= DATASET EXCERPTS =
"""

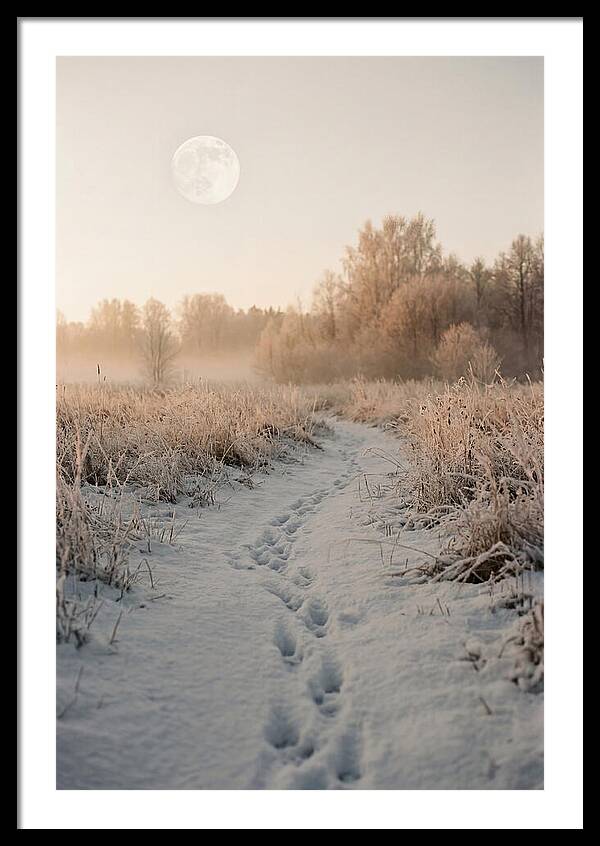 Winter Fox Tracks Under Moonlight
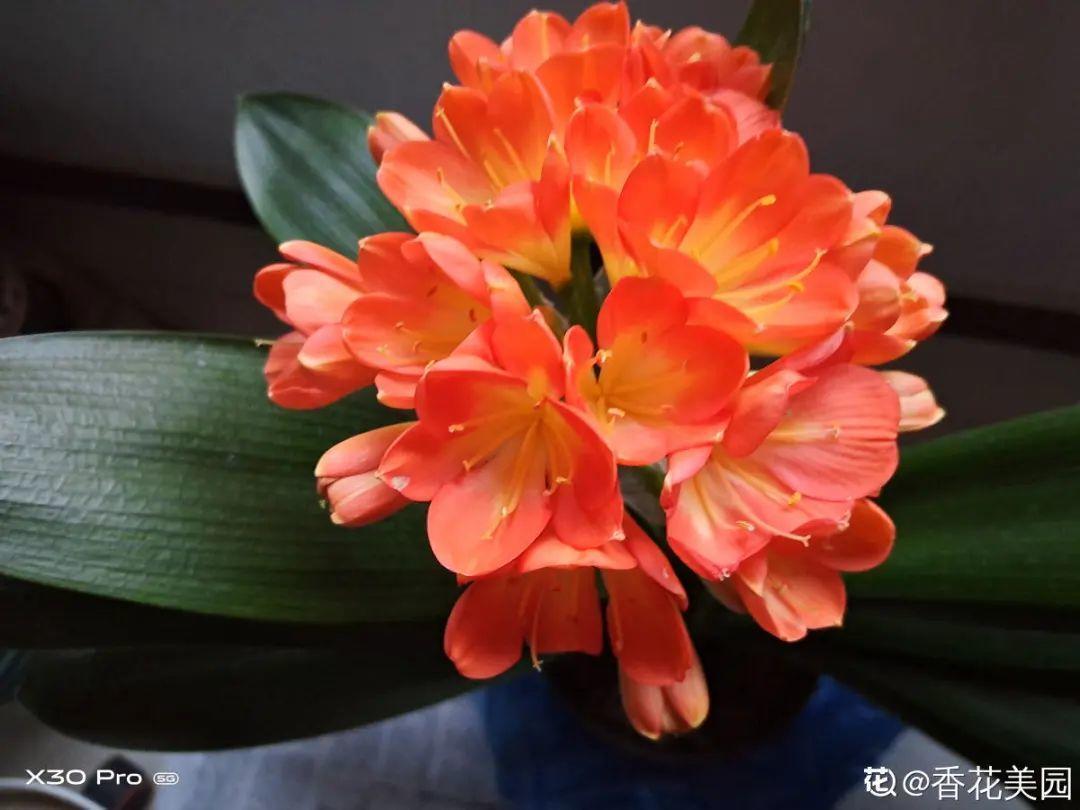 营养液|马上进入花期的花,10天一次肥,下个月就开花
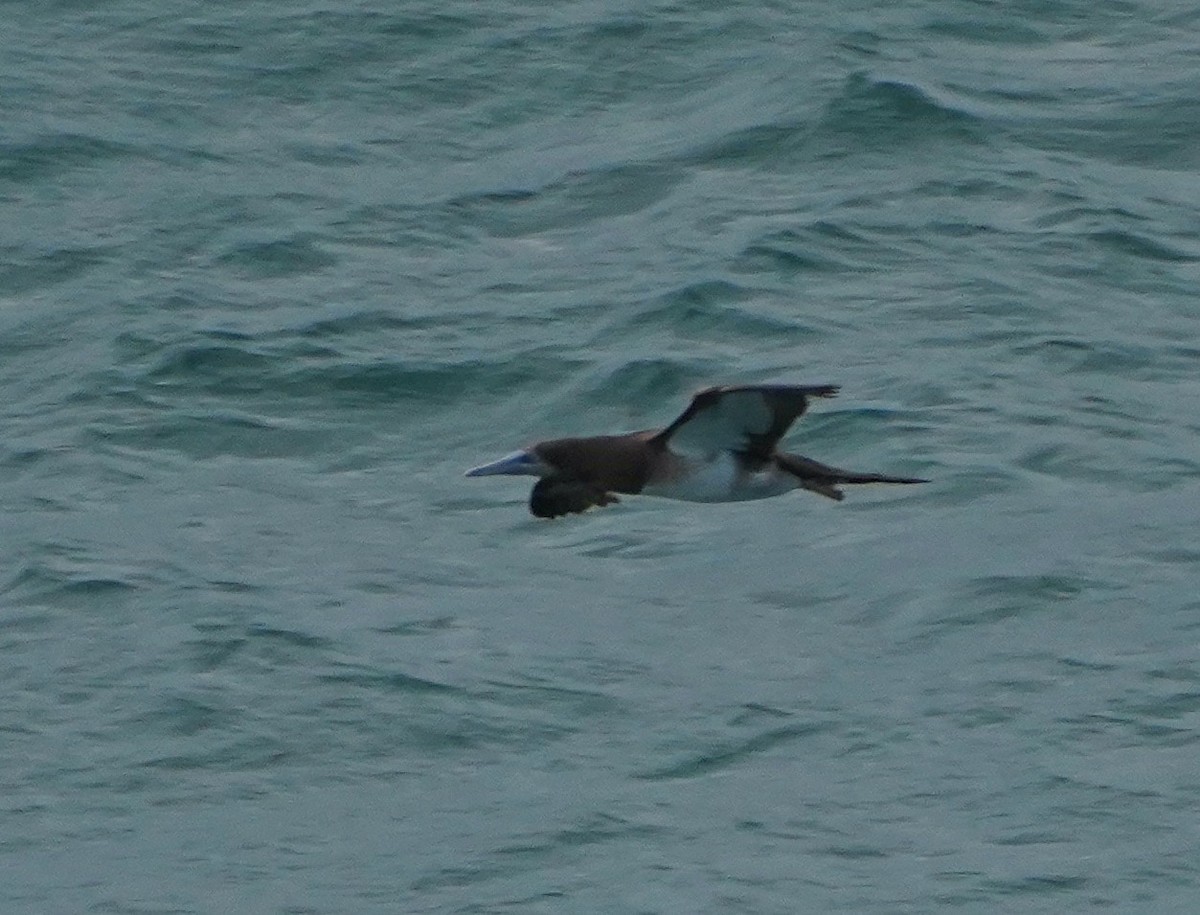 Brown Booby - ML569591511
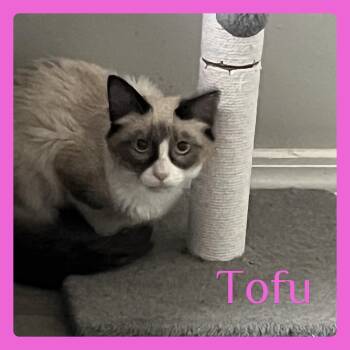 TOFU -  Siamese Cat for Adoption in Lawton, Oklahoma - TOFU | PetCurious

"""
"""

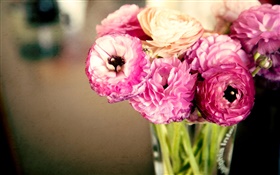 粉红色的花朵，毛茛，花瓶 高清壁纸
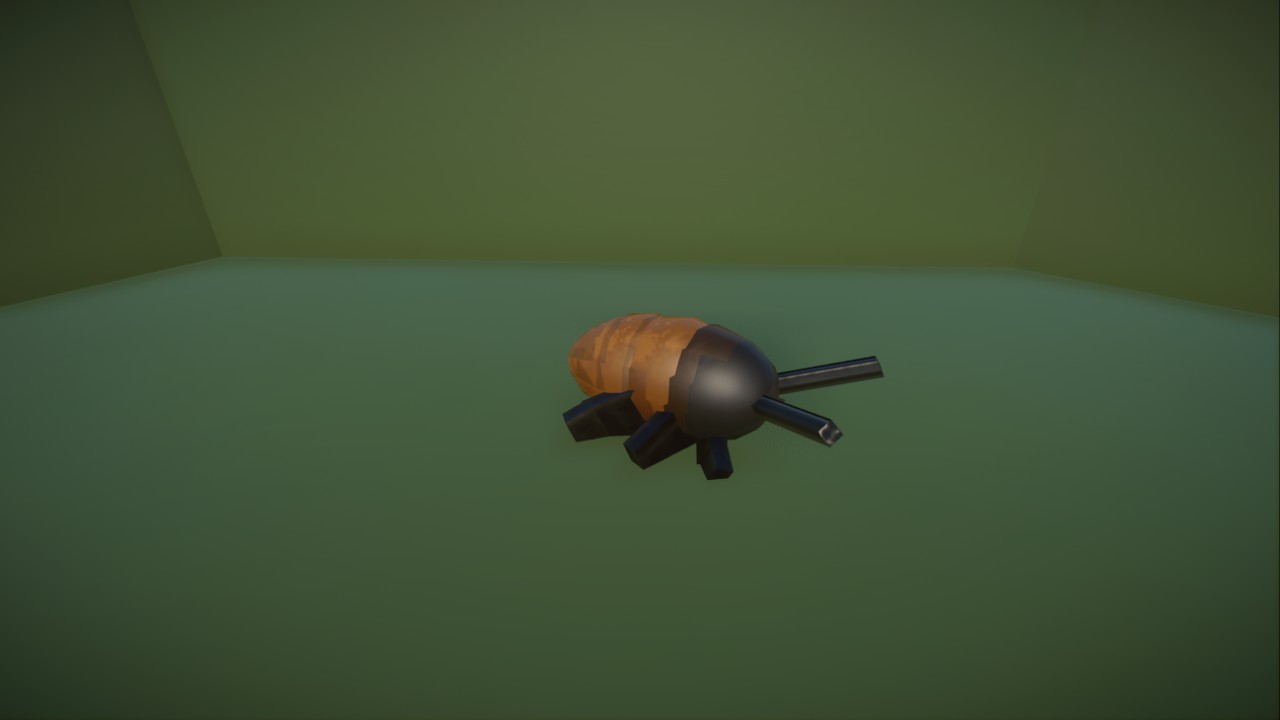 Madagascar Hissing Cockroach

"""

= EXERCISE PROMPT =
What to print is the stretch of entries from the line with "Brown Booby - ML569591511" up to and including the line with "TOFU | PetCurious". Please print it exactly and leave out the pictures.

= EXERCISE RESULT =
 Brown Booby - ML569591511
 TOFU -  Siamese Cat for Adoption in Lawton, Oklahoma - TOFU | PetCurious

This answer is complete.